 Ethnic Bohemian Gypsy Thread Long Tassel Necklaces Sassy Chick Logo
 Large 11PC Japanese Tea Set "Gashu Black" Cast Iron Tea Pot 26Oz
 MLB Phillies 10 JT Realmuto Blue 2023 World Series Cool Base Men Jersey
────────────────
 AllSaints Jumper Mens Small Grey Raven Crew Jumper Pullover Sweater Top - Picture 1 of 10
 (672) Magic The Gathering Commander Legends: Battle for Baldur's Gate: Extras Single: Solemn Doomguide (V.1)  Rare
────────────────
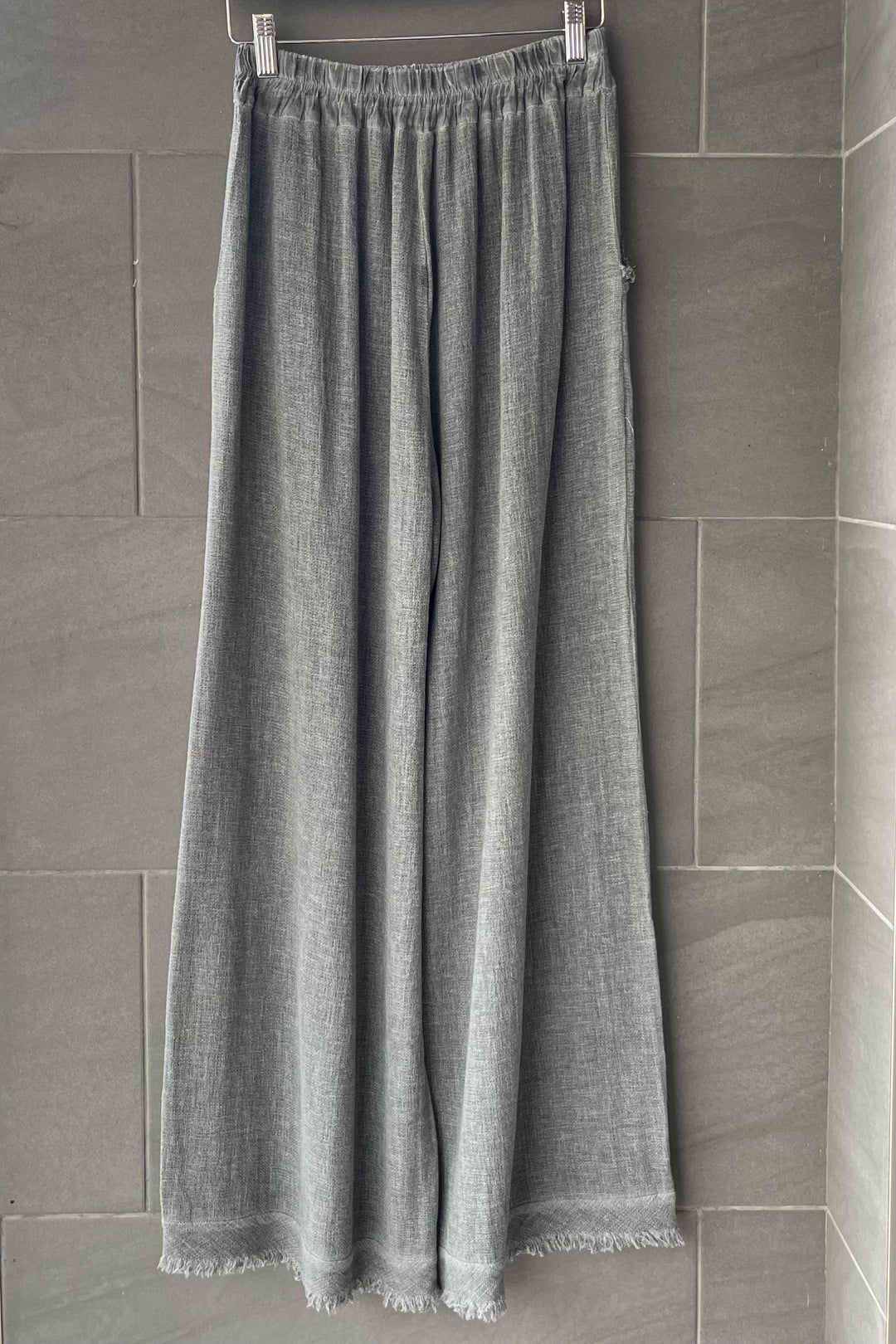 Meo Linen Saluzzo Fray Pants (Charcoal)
────────────────
Would you retype exactly the lines above, from the line with "Ethnic Bohemian Gypsy" to the line with "MLB Phillies 10", with both end lines kept and nothing more?

 Ethnic Bohemian Gypsy Thread Long Tassel Necklaces Sassy Chick Logo
 Large 11PC Japanese Tea Set "Gashu Black" Cast Iron Tea Pot 26Oz
 MLB Phillies 10 JT Realmuto Blue 2023 World Series Cool Base Men Jersey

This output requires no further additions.